God our Father

For ye received not the spirit of bondage again unto fear; but ye received the spirit of adoption, whereby we cry, “Abba, Father” (Romans 8:15).

For many people, fathers are honored and revered, respected and appreciated for all the love they have shown to their children. Sadly, for many others, fathers are not looked upon so kindly because of abuse, neglect, or abandonment. Some have no real father figure in their lives.

Regardless of how effectively our fathers embraced their responsibilities, most of us understand that the “father figure” in our lives is quite important to our development and well-being. Fathers have a critical role to play in the lives of their children, contrary to what some today say. Studies have shown that the self-image, self-confidence, and behavior of children are strongly influenced by the role their father plays in their lives.

There is a good reason why the “father figure” is a necessary component to our well-being: one of the most prevalent metaphors describing our relationship to God is that of Father and child. Our earthly fathers are the imperfect physical shadow of the perfect spiritual reality present in our Heavenly Father (cf. Hebrews 12:5-11). At best, if our relationship with our earthly father is good, we can see the reflection of our heavenly Father through that relationship. At worst, if our relationship with our earthly father is poor, we can nevertheless establish our heavenly Father as the “father figure” we never had physically.

The worst thing we could do is to project any ill will that we might have toward an earthly father because of his imperfections upon our heavenly Father. For too many, the image of the heavenly Father is an overbearing old man who is only interested in showing us how we have made mistakes and who seeks opportunities to destroy us.

Nothing could be further from the truth. If our heavenly Father really felt that way, He could easily have just turned His back on His creation, casting everyone into hell for their sin (cf. Romans 6:23)!

Please consider the picture of the father in the parable of the prodigal son (Luke 15:11-32): a father brokenhearted by the willful rebellion of his son, yet willing to humiliate himself by running toward the son as he returns, bestowing again honor and grace on account of his great love toward his child.

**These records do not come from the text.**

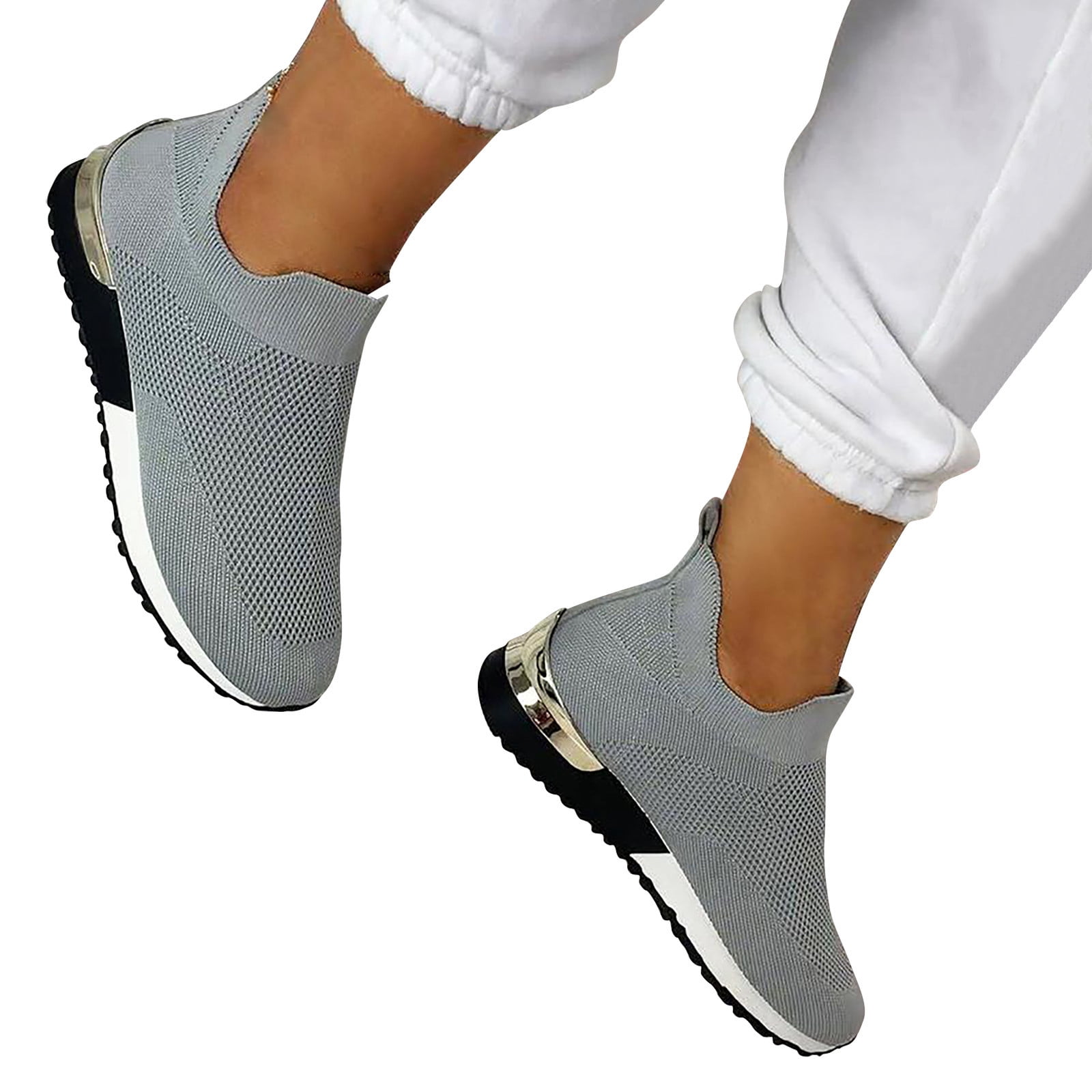 Sandals Stretch Cloth Large Size Women's Summer Comfortable Casual Sports Shoes Gray 38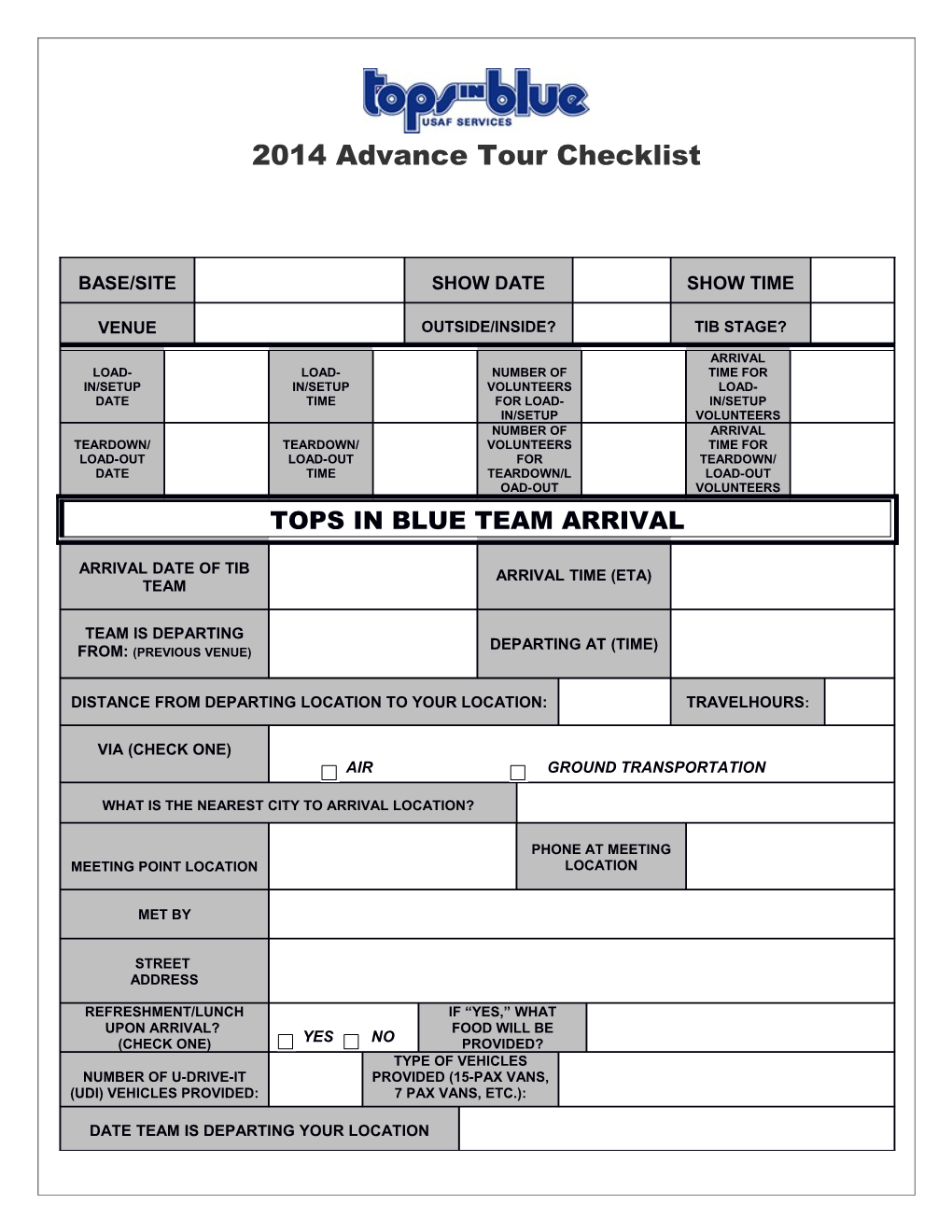 2014 Advance Tour Checklist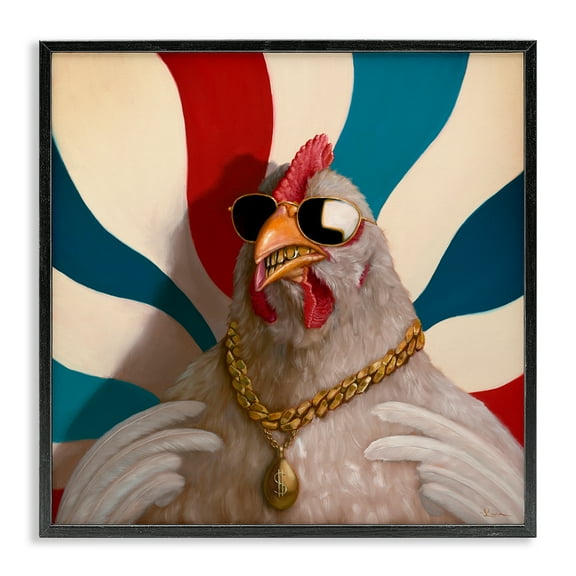 Stupell Industries Chicken with Urban Chains Animals Painting Black Framed Art Print Wall Art, 12 x 12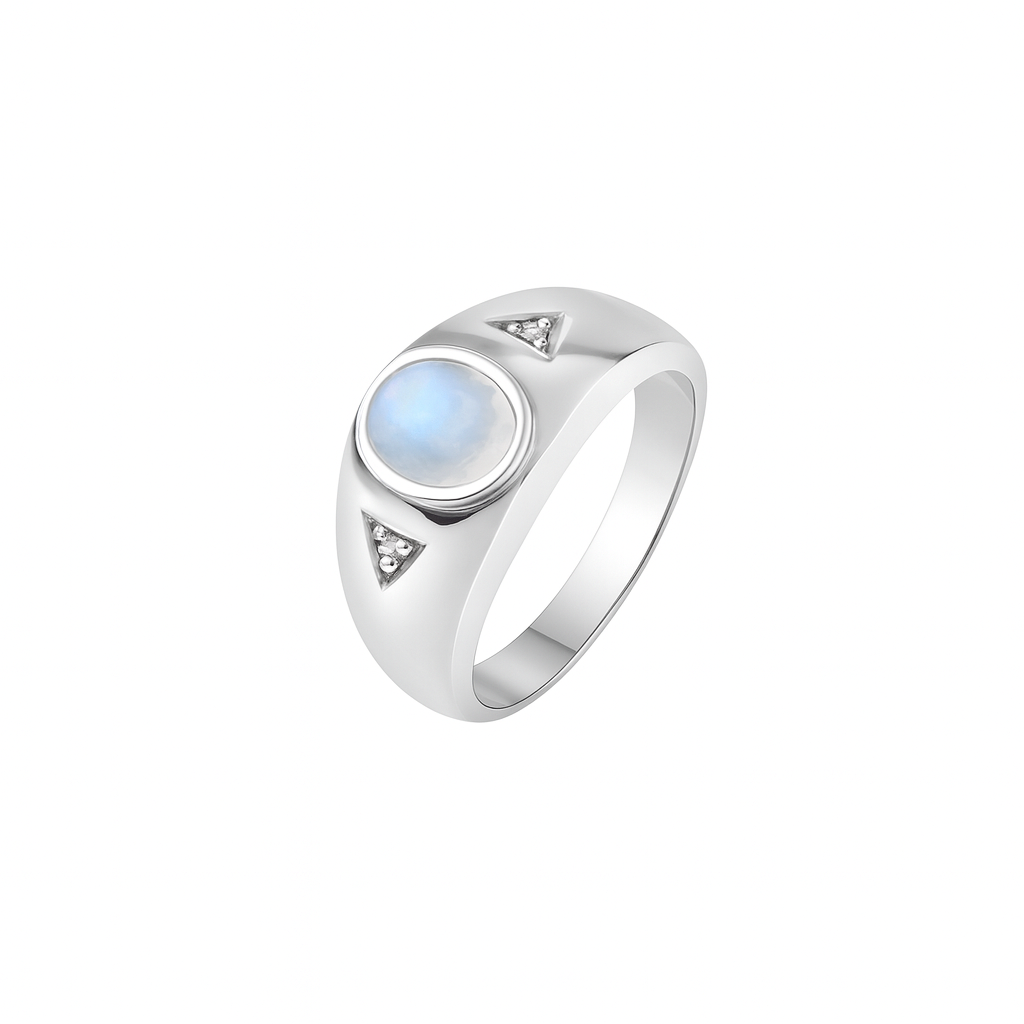 Men Blue Sheen Moonstone Ring S925 Sterling Silver  Elegant June Birthstone Jewelry for Men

This is how Jesus portrays our heavenly Father for us. We have rebelled against Him, and it has broken His heart in many ways (Isaiah 59:1-2). God has paid for the redemption we could never afford to buy through the sacrifice of His Son, and through Him wants to bless us with all things (Romans 8:31-32). He wants to save us because He loves us– He does not want any of us to perish (John 3:16, 1 Timothy 2:4, 2 Peter 3:8)!

Earthly fathers are to be honored for their position (Ephesians 6:1-2); how much more, then, should we honor our heavenly Father, who loves us and has graciously given us all things? Let us honor and praise God our Father, and look to Him for guidance, counsel, insight, and strength, and be saved through our relationship with Him!